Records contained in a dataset
====

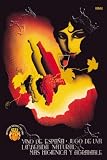 Canvas Print, Vino de Espana - 12 x 18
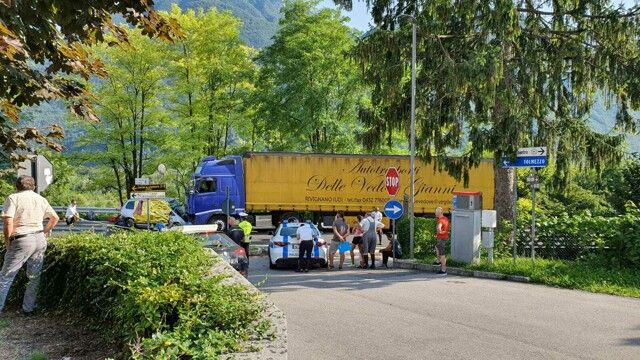 Incidente mortale all’altezza di Amaro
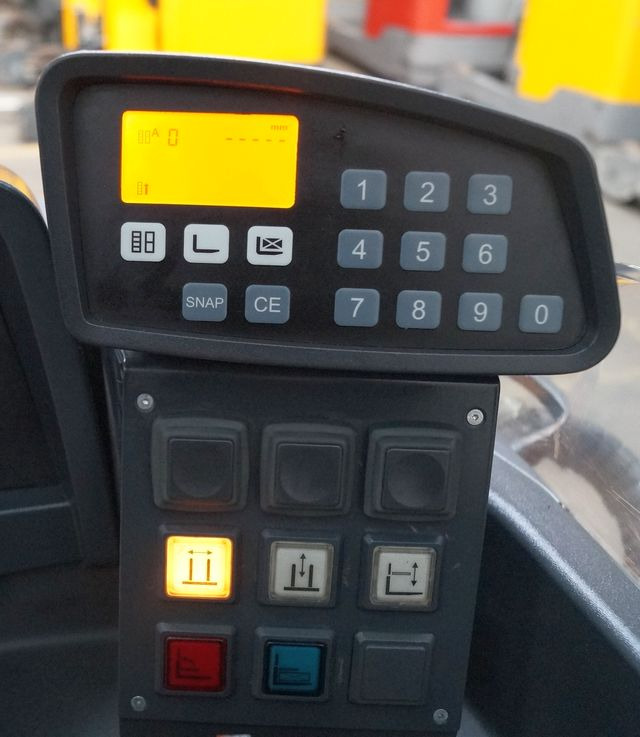 Reach truck Jungheinrich ETV216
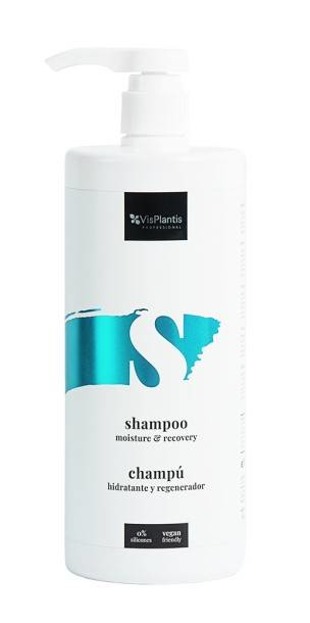 Vis Plantis Nawilżająco-regenerujący szampon do włosów 1000ml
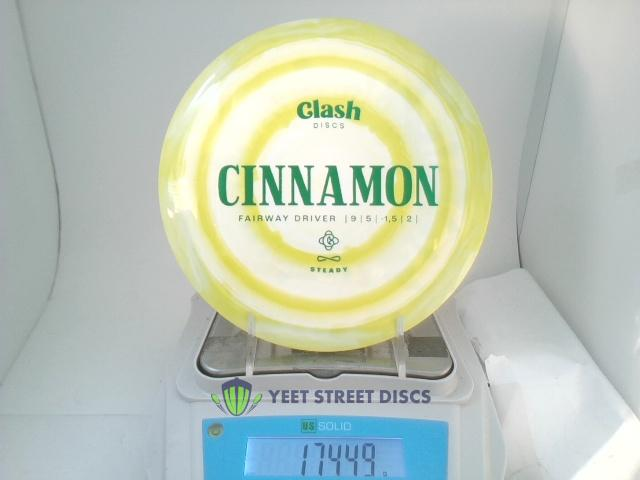 Steady Ring Cinnamon - Clash Discs 174.49g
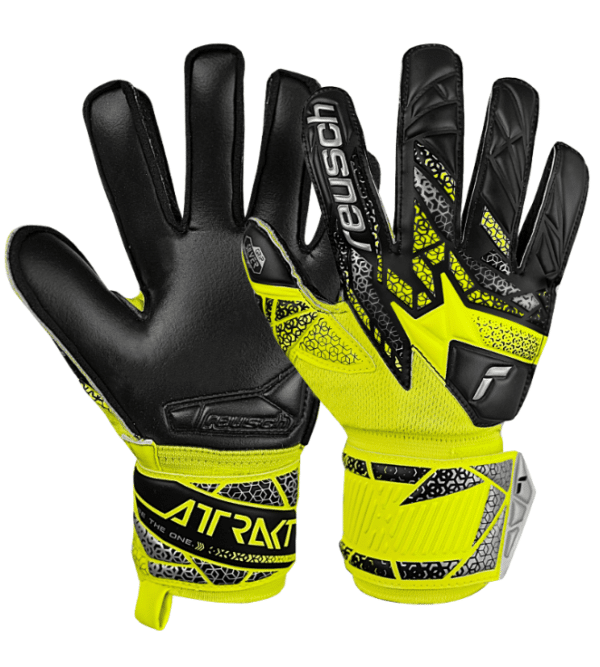 Guanto Reusch Attrakt silver jr - immagine 6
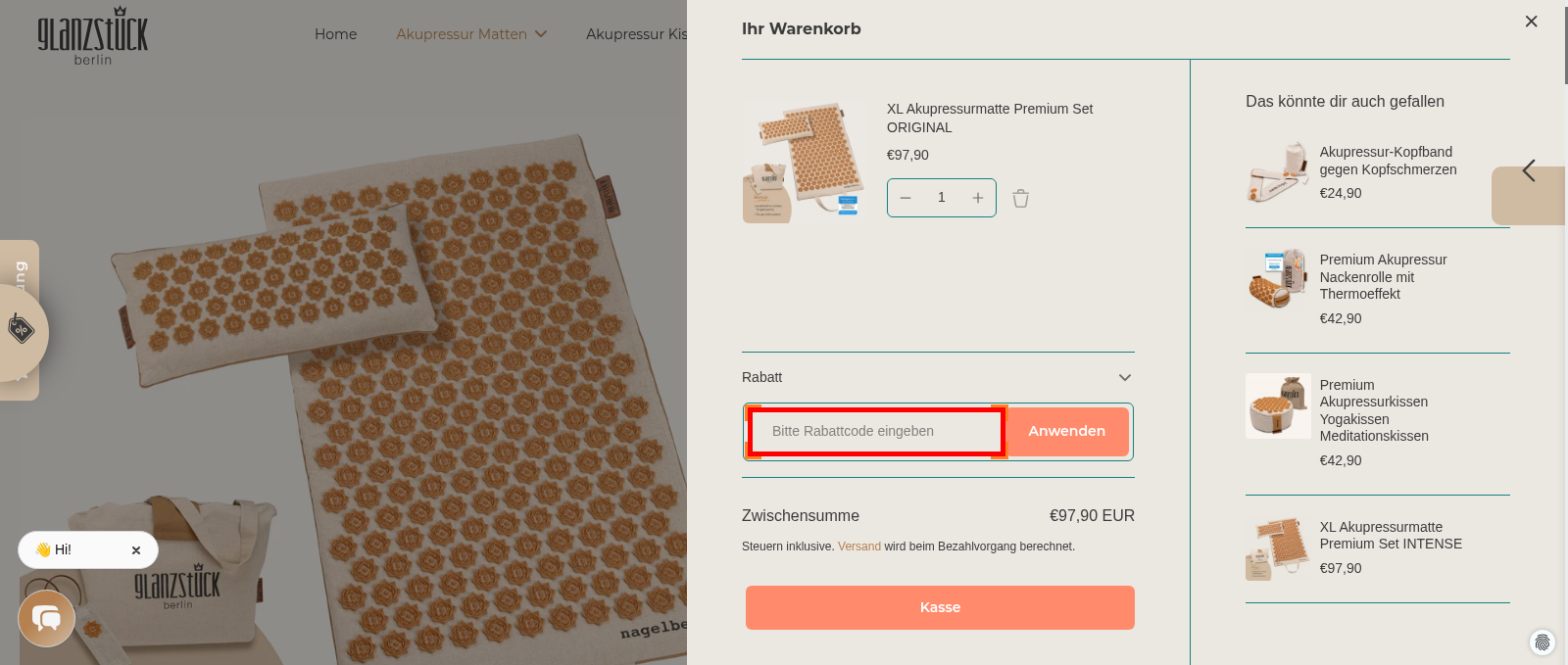 Glanzstück Berlin Screenshot
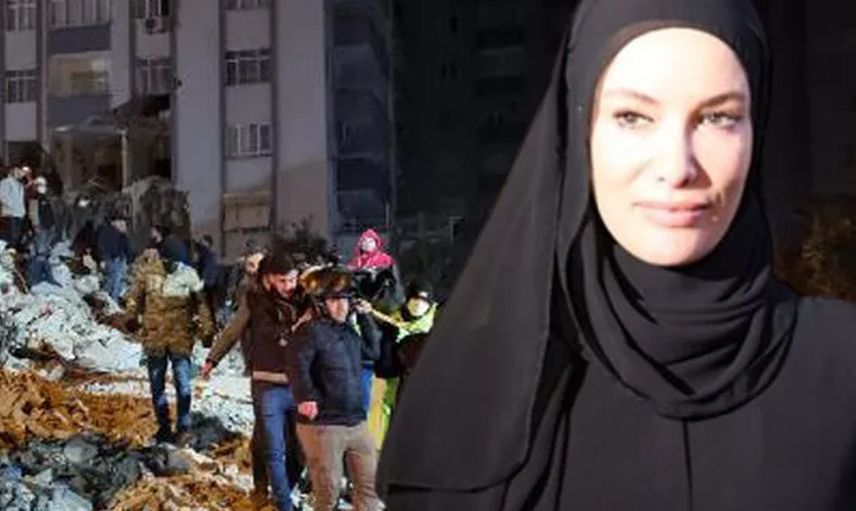 Arka Sokaklar'ın Zeynep'i Gamze Özçelik deprem bölgesine yardıma koştu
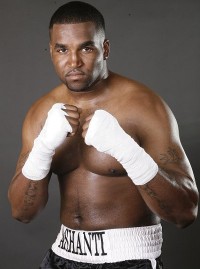 Ashanti Jordan boxeur
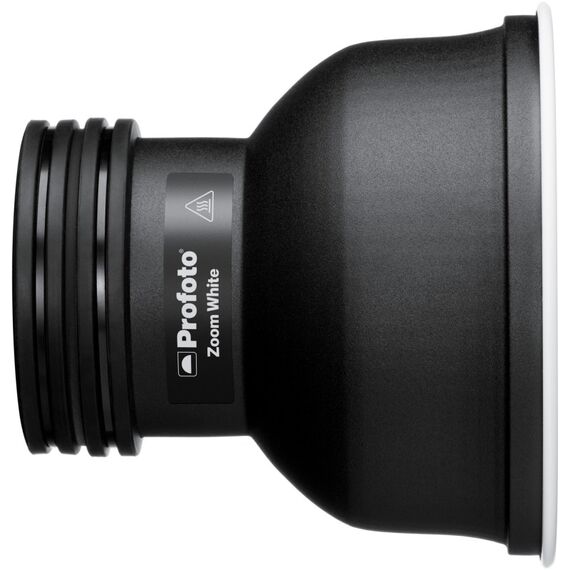 Profoto 100802 Fotostudio-Reflektor Rund Schwarz, Weiß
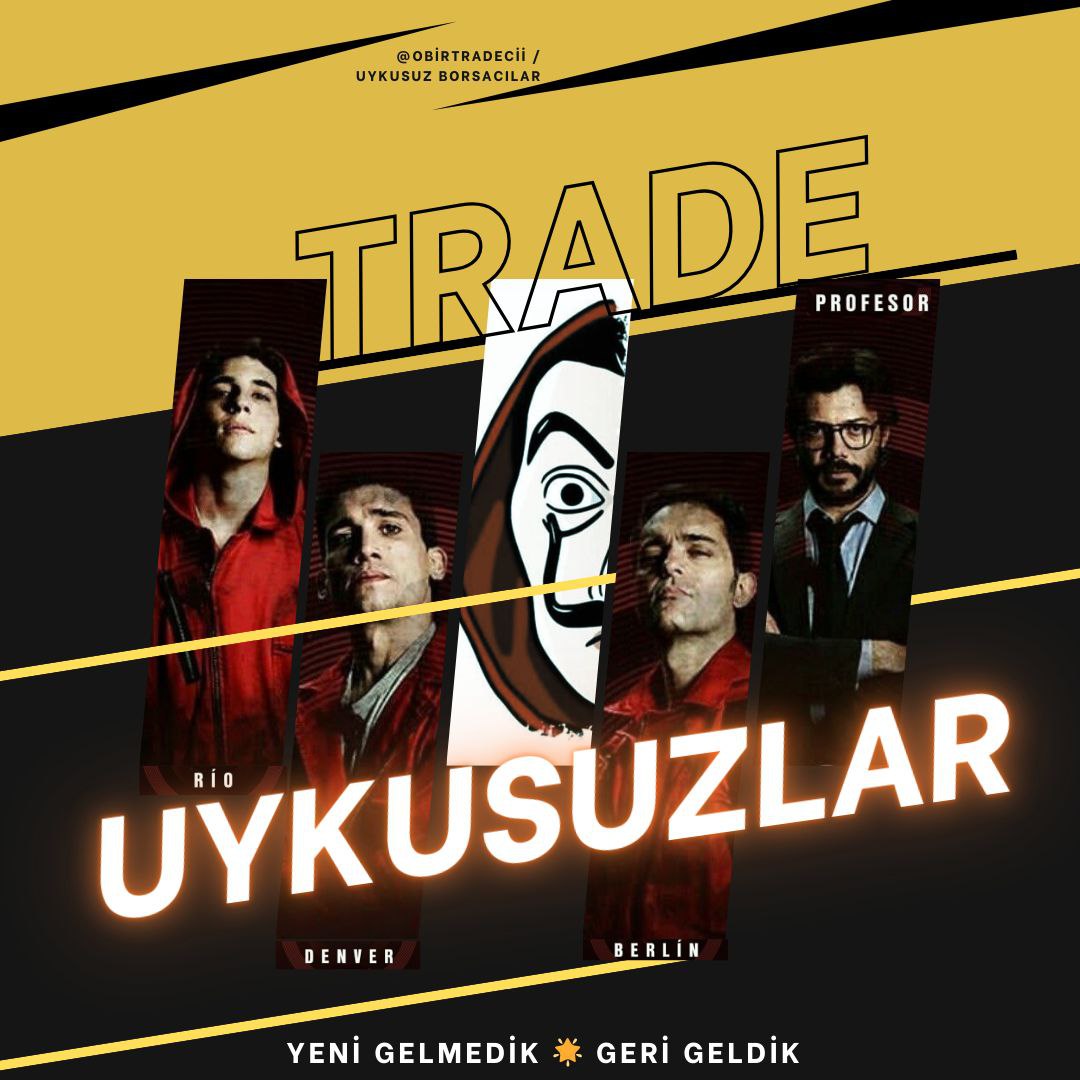 💴 Borsada kazanç sağlamak, dağların zirvesine ulaşmak gibidir. 

🧗 Yokuşlar zor, inişler tehlikeli olabilir, ama zirvede seni bekleyen manzara ve başarı, tüm çabalarına değer.

t.me/uykusuzborsaci… 💤
 #eregl #tuprs #sise #pgsus #sahol #kozaa #krdmd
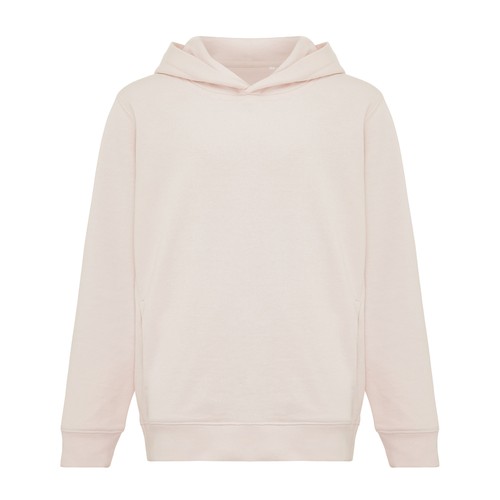 Iqoniq Yengo kids recycled cotton hoodie with sidepockets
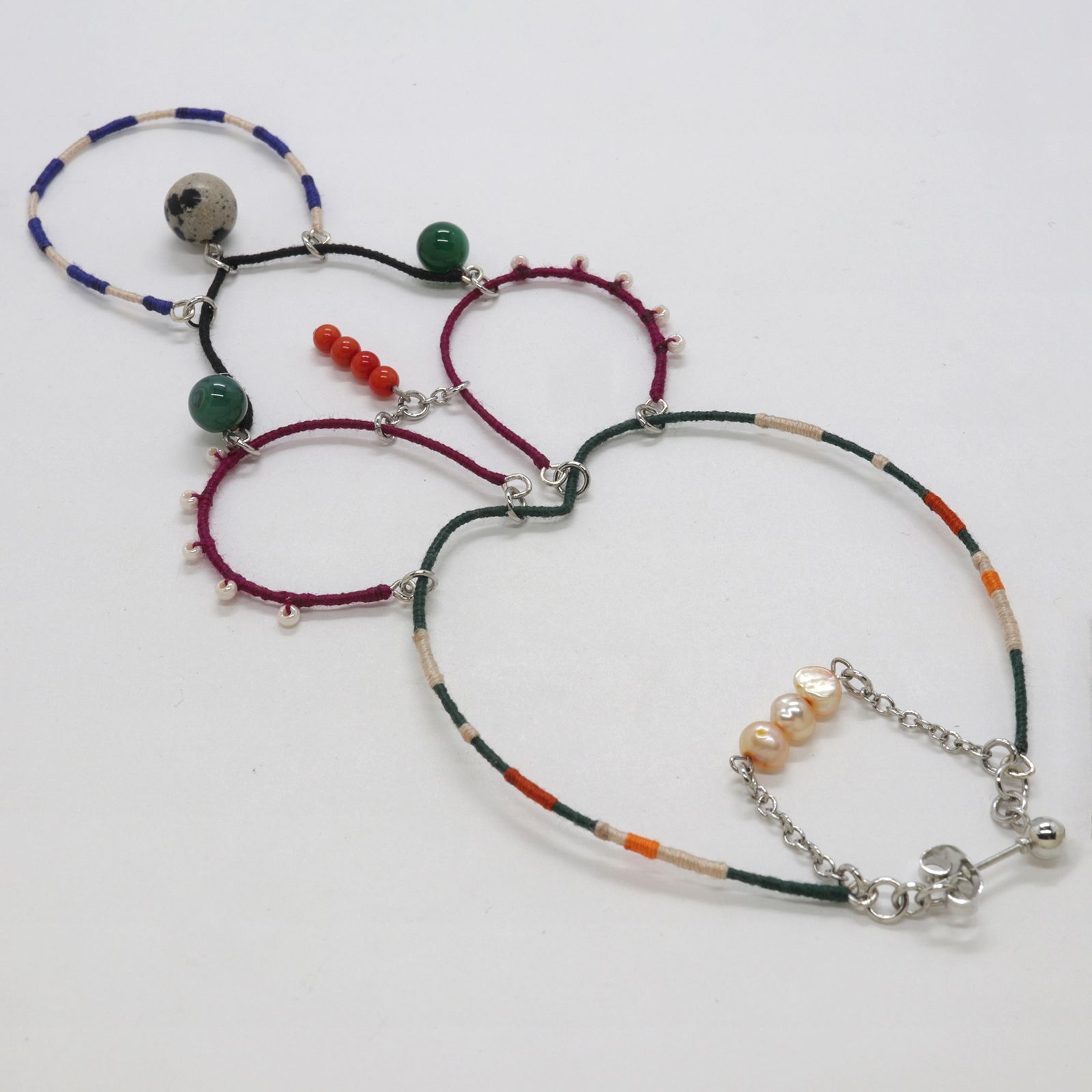 「Fete de l'eau ORNEMENT シングル」片耳ピアス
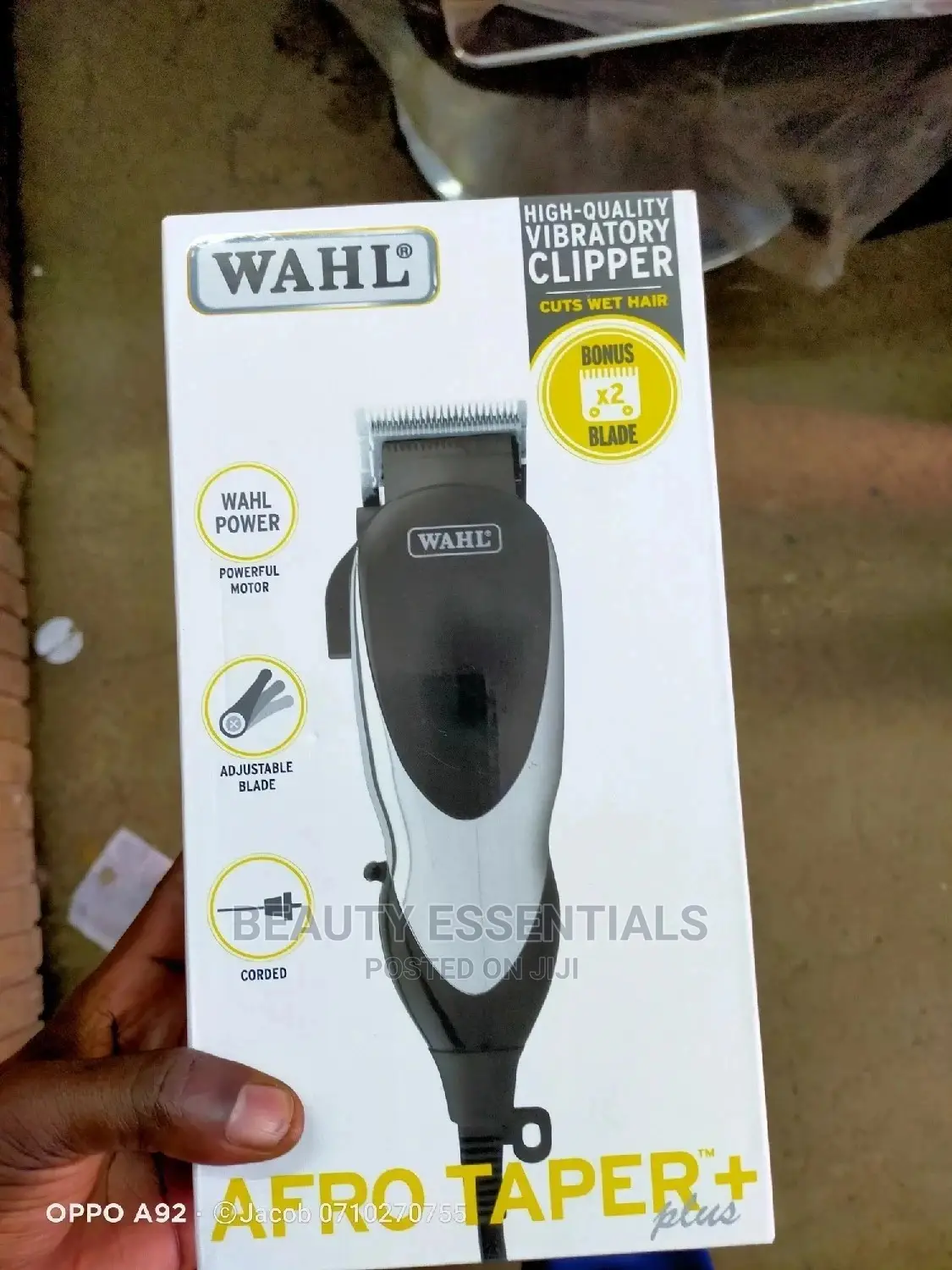 Wahl AFRO TAPER +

====

--- Task item ---
The answer must consist solely of the lines from the first line of the data through the line containing "#eregl #tuprs #sise", inclusive, reproduced exactly and without pictures.

--- Exercise answer ---
 Canvas Print, Vino de Espana - 12 x 18
 Incidente mortale all’altezza di Amaro
 Reach truck Jungheinrich ETV216
 Vis Plantis Nawilżająco-regenerujący szampon do włosów 1000ml
 Steady Ring Cinnamon - Clash Discs 174.49g
 Guanto Reusch Attrakt silver jr - immagine 6
 Glanzstück Berlin Screenshot
 Arka Sokaklar'ın Zeynep'i Gamze Özçelik deprem bölgesine yardıma koştu
 Ashanti Jordan boxeur
 Profoto 100802 Fotostudio-Reflektor Rund Schwarz, Weiß
 💴 Borsada kazanç sağlamak, dağların zirvesine ulaşmak gibidir. 

🧗 Yokuşlar zor, inişler tehlikeli olabilir, ama zirvede seni bekleyen manzara ve başarı, tüm çabalarına değer.

t.me/uykusuzborsaci… 💤
 #eregl #tuprs #sise #pgsus #sahol #kozaa #krdmd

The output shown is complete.